• WORK INSTRUCTION:
From the first line to the last, copy the listing exactly and omit the images.

• DATASET EXTRACT:
▬▬▬▬▬▬▬▬▬▬
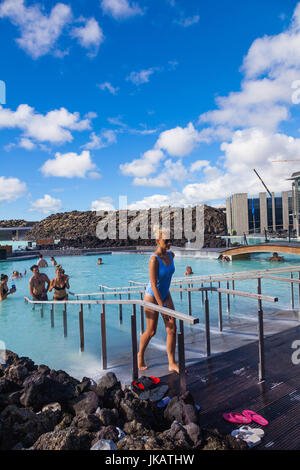 People enjoying the warmth and relaxation of the Blue Lagoon geothermal pool in Iceland Stock Photo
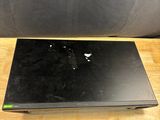 un ordinateur portable noir posé sur une table en bois, avec une chaise noire en arrière-plan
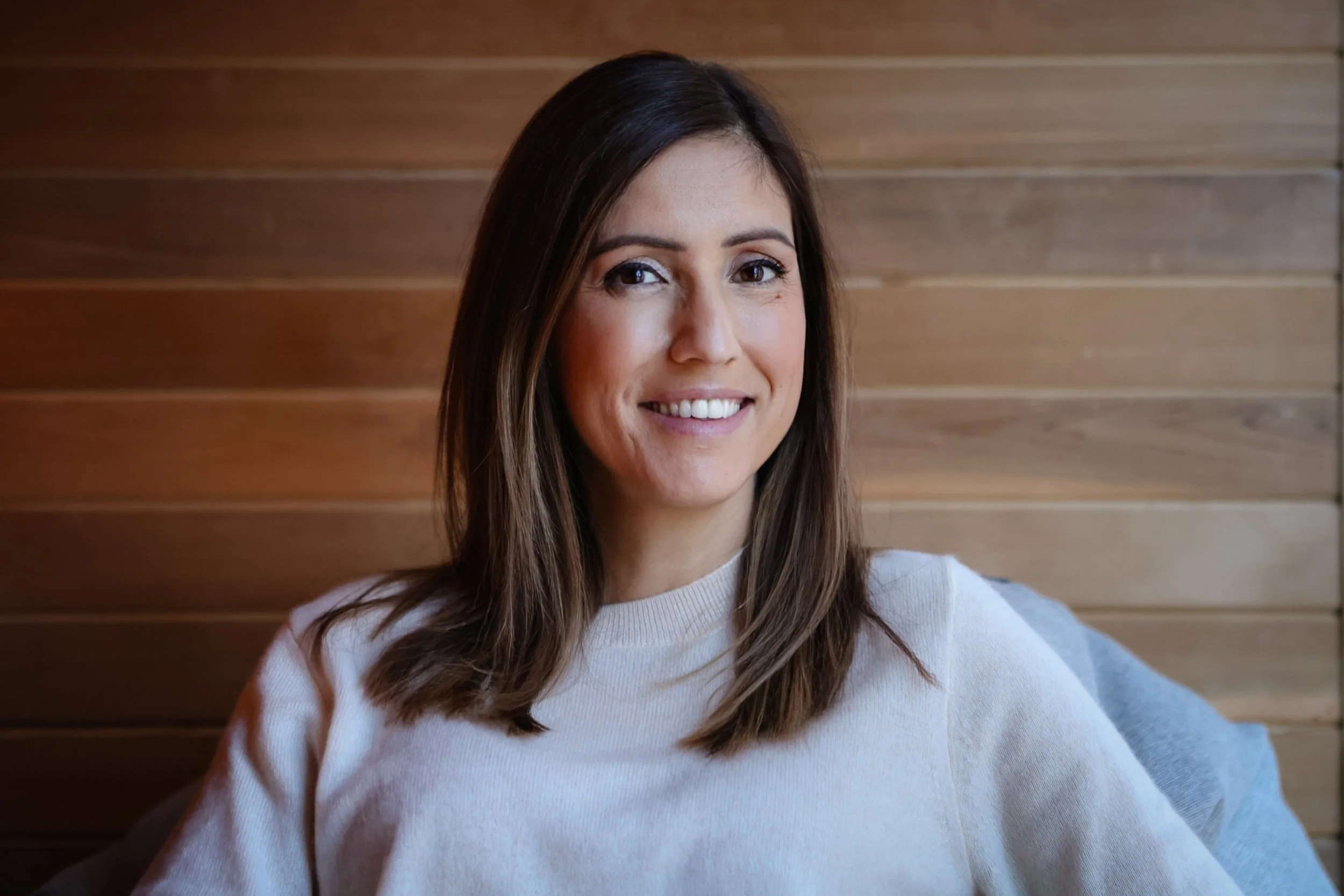 A smiling woman with shoulder-length brown hair, wearing a light-colored sweater, sitting in front of a wooden wall.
▬▬▬▬▬▬▬▬▬▬
• RESULT:
 People enjoying the warmth and relaxation of the Blue Lagoon geothermal pool in Iceland Stock Photo
 un ordinateur portable noir posé sur une table en bois, avec une chaise noire en arrière-plan
 A smiling woman with shoulder-length brown hair, wearing a light-colored sweater, sitting in front of a wooden wall.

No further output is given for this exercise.